If there is only one point, there are no adjacent points to connect. A common mistake is returning 1 because developers think at least one segment is needed. However, a single point requires zero lines. The implementation handles this immediately with:

if n == 1:
    return 0

Unsorted Input

The input days are distinct but not guaranteed to be sorted. If we process the points in their original order, the constructed chart would be incorrect because the problem defines adjacency chronologically. The implementation avoids this issue by sorting the array before any slope calculations.

Floating Point Precision Errors

Using floating point division for slope comparison can lead to incorrect results due to rounding issues. For example:

1/3 and 2/6

may not compare exactly equal in floating point arithmetic.
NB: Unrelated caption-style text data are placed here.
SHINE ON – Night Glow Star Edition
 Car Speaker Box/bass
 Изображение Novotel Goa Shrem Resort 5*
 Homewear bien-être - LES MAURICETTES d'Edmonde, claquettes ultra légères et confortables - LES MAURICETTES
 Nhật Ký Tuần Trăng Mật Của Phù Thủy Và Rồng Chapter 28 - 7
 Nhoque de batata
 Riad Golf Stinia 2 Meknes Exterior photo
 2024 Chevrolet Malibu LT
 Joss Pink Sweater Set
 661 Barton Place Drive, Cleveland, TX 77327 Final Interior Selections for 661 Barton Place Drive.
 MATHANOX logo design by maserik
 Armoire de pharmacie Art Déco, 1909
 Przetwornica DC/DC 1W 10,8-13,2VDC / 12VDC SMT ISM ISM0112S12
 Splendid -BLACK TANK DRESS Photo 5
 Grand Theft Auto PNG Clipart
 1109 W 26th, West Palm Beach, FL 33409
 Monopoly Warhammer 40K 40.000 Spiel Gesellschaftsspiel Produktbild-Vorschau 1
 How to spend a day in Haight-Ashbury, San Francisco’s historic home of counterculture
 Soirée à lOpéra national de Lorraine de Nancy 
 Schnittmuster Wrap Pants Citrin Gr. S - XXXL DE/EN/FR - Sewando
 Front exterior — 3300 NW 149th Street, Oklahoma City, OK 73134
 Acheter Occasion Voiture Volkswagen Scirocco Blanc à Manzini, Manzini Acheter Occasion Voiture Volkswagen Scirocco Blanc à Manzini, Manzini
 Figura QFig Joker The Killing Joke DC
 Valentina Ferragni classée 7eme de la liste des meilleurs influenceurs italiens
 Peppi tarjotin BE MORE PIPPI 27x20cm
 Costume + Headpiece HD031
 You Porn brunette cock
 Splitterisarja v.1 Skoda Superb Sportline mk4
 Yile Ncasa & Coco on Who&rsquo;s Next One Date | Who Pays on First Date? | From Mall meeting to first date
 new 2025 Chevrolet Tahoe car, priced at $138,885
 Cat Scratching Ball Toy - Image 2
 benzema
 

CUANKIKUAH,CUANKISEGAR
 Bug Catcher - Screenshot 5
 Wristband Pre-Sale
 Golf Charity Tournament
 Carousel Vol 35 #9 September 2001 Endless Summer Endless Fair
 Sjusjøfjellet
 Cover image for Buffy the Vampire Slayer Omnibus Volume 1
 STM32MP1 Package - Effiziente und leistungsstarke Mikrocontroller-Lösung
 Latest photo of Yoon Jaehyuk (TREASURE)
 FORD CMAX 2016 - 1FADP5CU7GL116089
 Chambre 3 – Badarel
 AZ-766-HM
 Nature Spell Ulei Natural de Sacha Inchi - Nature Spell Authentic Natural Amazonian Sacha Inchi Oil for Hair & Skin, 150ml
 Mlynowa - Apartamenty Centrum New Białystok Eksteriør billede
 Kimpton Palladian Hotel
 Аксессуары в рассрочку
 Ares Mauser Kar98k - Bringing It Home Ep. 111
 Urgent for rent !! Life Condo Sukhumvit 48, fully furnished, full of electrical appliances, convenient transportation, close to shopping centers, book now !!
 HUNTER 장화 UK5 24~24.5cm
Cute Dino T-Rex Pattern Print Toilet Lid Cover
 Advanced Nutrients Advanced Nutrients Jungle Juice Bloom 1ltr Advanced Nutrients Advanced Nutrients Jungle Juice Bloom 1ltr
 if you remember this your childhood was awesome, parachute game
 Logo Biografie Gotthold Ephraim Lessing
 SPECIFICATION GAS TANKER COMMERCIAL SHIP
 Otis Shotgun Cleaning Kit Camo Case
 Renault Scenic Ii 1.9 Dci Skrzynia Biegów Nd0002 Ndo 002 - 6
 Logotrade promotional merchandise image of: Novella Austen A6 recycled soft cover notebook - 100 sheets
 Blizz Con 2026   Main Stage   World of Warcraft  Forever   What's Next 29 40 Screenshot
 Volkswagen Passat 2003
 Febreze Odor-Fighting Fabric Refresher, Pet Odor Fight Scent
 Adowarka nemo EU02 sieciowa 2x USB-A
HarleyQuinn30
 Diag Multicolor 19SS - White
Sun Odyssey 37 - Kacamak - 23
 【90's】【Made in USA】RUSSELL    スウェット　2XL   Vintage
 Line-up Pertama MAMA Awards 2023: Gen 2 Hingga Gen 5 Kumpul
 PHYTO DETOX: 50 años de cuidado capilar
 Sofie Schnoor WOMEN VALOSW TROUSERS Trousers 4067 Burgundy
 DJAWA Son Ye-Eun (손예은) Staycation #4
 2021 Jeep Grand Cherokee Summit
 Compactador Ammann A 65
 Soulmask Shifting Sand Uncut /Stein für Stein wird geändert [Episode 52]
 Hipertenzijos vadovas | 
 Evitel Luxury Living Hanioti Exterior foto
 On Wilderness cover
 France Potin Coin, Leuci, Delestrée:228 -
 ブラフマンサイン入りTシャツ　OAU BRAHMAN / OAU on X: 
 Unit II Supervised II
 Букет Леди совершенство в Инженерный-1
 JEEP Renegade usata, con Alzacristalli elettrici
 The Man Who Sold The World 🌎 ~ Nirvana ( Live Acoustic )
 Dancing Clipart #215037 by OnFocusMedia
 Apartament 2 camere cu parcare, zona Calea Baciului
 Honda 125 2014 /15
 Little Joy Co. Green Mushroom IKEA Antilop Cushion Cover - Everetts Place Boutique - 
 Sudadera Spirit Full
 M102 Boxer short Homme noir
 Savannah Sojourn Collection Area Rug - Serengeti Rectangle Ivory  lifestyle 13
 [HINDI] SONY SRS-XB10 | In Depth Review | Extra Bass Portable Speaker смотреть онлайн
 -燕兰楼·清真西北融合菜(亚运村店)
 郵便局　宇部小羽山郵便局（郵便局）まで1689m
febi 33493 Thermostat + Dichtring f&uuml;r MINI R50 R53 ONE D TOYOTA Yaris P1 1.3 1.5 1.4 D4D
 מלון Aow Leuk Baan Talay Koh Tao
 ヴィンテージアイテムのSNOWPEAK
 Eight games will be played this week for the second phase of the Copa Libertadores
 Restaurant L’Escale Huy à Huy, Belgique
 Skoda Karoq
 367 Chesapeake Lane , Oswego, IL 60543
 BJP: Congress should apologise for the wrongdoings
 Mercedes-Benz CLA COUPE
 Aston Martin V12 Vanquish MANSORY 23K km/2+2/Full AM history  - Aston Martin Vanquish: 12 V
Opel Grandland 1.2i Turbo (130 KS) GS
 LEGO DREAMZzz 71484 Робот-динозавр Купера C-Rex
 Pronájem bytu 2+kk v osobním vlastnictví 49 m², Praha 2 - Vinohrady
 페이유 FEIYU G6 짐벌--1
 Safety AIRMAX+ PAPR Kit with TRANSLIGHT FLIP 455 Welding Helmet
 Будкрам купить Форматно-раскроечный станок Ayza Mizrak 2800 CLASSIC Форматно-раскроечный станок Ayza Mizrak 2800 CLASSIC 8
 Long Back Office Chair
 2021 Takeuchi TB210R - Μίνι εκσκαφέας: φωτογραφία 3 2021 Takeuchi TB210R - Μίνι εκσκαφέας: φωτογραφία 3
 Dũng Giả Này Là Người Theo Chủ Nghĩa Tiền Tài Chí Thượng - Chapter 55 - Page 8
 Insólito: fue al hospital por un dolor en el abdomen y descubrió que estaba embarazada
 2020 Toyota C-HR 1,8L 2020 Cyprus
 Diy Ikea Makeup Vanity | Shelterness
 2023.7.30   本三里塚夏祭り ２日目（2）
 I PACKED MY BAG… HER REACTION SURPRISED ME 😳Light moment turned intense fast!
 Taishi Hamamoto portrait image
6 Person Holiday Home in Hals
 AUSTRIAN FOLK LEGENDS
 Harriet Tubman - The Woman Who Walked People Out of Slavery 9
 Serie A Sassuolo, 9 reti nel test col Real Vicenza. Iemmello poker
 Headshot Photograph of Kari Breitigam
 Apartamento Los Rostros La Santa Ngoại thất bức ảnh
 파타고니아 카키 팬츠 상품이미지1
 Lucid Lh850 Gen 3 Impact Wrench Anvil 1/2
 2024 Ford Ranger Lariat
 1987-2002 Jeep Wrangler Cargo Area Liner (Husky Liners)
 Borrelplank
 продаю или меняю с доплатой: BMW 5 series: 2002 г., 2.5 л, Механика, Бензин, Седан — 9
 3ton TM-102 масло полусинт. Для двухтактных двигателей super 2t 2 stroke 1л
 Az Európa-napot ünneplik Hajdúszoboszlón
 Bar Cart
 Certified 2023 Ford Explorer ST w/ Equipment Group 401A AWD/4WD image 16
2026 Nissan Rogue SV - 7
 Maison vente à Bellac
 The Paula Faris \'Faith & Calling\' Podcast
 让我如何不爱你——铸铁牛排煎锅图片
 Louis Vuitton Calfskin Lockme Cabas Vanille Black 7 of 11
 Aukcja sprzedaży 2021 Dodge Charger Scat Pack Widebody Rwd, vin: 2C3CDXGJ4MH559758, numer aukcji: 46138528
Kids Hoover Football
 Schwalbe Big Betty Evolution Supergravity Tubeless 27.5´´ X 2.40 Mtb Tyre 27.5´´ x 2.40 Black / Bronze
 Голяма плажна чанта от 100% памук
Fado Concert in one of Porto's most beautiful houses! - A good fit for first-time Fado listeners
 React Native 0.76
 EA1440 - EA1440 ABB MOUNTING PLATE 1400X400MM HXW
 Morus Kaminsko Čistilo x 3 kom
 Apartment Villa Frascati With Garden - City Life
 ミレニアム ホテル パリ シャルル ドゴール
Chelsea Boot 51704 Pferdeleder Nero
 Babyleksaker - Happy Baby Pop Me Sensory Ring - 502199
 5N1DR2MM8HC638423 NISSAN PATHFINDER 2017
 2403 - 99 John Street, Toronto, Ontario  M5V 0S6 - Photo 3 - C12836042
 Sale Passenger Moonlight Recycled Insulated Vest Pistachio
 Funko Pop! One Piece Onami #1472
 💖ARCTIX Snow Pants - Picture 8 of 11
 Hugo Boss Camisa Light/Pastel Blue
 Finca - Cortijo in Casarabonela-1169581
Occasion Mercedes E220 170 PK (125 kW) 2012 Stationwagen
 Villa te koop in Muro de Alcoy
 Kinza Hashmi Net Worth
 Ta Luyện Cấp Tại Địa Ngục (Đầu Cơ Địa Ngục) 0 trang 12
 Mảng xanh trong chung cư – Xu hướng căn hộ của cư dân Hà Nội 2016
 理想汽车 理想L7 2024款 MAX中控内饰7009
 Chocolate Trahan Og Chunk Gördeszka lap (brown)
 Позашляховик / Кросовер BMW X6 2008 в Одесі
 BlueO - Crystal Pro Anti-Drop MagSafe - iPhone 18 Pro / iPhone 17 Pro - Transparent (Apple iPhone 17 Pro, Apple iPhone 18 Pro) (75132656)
The implementation avoids division entirely and instead compares slopes using cross multiplication:

dy1 * dx2 == dy2 * dx1

This guarantees mathematically exact comparisons.

Large Coordinate Values

Coordinates can be as large as 10^9. When multiplying differences, the result can exceed 32-bit integer limits.

In Python, integers automatically expand, so overflow is not an issue. In Go, however, explicit int64 conversion is necessary to safely handle multiplication without overflow.